The garden tour begins at 11:00. That gives me a good hour to kill.
The entrance is decorated with the white Corinthian columns and red-tiled roof one might expect from a Roman Villa. Less expected, but more interesting are the painted ceilings: red roses, yellow daisies, and white lilies floating within a pale blue circle. These pastel colors and painted ceilings will become a theme. The so-called "dining room" has cornucopias and grapes, while the ordinary walkways boast blue panels with yellow flowers.
|Corinthian Columns and Yellow Flowered Ceiling|
I step inside. My map informs me that this is the atrium, the main public room in a Roman house. A man informs me that food and drinks are strictly prohibited. I stare at the black and white mosaic floors and the lion heads surrounding a skylight, or compluvium, as my map calls it. There's an impluvium, or sunken fountain, just underneath the skylight, to collect rainwater. On an ordinary day, the sound of trickling would soothe a tourist. Except that California's in the middle of a drought and the fountain's been drained to conserve water. Still, the black statues at each corner of the basin are kind of cool.

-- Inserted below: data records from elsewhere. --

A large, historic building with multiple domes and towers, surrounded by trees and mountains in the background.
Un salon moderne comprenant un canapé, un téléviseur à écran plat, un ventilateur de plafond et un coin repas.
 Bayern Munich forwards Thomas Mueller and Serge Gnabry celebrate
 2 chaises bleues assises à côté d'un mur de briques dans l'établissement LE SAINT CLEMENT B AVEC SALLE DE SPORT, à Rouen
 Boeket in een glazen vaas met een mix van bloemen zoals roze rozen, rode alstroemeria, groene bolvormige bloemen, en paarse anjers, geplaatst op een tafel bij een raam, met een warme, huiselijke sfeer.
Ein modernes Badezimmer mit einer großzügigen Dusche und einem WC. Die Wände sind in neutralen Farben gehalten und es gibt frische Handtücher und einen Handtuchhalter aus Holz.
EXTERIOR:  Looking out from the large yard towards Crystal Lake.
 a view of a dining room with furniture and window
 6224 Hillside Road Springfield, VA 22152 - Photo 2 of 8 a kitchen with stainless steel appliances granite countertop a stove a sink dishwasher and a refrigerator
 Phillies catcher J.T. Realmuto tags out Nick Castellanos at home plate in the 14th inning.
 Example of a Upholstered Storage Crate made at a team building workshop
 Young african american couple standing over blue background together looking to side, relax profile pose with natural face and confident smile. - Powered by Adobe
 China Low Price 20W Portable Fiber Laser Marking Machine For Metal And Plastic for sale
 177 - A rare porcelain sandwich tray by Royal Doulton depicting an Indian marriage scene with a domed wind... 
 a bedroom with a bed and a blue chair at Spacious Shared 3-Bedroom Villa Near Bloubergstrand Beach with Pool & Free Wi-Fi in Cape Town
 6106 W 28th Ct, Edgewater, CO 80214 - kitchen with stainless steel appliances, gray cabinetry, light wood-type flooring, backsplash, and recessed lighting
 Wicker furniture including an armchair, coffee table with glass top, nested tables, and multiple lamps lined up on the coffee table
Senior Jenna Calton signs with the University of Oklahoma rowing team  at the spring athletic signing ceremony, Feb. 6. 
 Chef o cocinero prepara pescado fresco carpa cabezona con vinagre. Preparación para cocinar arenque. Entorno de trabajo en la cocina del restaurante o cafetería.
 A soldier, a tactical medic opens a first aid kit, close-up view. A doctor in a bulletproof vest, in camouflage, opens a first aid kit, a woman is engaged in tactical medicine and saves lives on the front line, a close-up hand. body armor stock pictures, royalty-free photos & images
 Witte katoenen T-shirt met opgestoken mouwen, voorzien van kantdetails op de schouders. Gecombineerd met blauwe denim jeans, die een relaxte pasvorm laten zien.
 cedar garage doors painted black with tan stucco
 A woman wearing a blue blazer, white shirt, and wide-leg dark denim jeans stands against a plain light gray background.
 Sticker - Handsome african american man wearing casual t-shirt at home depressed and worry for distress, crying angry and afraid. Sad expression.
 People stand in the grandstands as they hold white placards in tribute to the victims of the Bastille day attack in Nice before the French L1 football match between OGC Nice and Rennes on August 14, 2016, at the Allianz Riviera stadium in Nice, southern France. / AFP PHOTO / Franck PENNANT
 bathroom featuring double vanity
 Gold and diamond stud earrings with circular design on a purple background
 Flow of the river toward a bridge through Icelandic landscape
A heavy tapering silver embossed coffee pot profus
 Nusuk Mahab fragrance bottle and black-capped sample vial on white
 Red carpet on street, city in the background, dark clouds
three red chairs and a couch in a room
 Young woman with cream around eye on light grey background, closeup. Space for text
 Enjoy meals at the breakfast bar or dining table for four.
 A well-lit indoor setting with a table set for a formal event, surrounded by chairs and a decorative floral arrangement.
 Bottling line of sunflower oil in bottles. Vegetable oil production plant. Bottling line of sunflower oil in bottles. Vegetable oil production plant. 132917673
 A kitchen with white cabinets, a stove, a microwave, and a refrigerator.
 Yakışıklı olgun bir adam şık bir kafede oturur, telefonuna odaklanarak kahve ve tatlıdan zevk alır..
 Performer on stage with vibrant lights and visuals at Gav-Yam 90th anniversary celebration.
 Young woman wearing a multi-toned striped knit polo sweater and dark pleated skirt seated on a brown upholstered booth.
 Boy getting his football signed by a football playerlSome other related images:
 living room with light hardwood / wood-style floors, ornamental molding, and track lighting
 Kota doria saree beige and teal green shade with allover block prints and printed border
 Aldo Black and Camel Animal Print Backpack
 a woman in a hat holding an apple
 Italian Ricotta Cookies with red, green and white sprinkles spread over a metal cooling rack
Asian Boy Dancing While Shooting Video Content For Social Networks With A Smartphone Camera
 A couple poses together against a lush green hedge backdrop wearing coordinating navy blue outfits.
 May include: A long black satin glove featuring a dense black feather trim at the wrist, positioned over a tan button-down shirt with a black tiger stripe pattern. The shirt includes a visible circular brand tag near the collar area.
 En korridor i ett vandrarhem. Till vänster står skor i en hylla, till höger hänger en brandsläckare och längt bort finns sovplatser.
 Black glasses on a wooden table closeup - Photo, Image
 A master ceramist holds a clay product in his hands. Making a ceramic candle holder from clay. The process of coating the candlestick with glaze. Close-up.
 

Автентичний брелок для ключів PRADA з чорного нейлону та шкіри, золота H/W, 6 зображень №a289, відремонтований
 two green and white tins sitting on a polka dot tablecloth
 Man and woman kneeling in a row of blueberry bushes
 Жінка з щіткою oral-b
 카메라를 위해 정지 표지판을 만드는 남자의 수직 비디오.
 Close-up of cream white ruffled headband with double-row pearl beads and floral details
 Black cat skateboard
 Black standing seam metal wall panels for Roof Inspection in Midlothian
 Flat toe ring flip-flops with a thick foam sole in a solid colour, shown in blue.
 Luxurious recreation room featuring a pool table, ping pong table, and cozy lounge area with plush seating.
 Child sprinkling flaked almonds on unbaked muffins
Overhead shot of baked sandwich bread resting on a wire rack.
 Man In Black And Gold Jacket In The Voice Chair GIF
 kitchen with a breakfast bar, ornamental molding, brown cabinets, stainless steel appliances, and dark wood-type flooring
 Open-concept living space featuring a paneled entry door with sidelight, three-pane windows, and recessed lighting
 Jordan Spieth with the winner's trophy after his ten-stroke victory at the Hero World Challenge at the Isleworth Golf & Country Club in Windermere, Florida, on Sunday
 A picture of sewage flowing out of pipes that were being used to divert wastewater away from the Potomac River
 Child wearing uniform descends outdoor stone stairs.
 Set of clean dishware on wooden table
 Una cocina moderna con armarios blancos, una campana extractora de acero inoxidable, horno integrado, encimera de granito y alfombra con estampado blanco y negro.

I had planned to stride from room to room, as leisurely as any Roman Emperor, but unfortunately, my time is cut short when my camera dies and I have to beg my aunt's phone as a replacement. I glance at a few displays, while furtively checking my cell phone clock every few minutes.
|Creepy Bust of a Young Girl|
There's a creepy bust of a young girl. Her skin and hair are waxy black, and her thin tight curls remind me of pencil shavings, too fine and rigid to ever have been hair. Her eyes are white and inlaid with glass. They stare out in horror, as though her soul has been cursed to reside forever in this prison.
So I'm a bit of a mess. I've come as a scholar, and I'm trying to juggle a yellow notepad, a pen, a camera phone, and a portable listening device. The little green box clips to my pants. A plug-in earpiece amplifies the voice of the tour guide, so she doesn't have to shout and we don't have to crowd around her.
California has a Mediterranean climate, she tells us, which means that plants that grow in Greece and Italy, will grow just as well here. As we walk through the herb garden, she proceeds to throw out the names of the trees: olive, fig, plum, pomegranate, peach, pear, and citron. (The citrone currently looks like an avocado and smells like a cucumber but will one day resemble an orange and lemon mix.) I'd like her to tell us more than just names. I know that olives were sacred to the goddess Athena and important as a food and fuel source, and I know that pomegranates played an important role in the myth of Persepone's abduction. I'd like to hear stories like that.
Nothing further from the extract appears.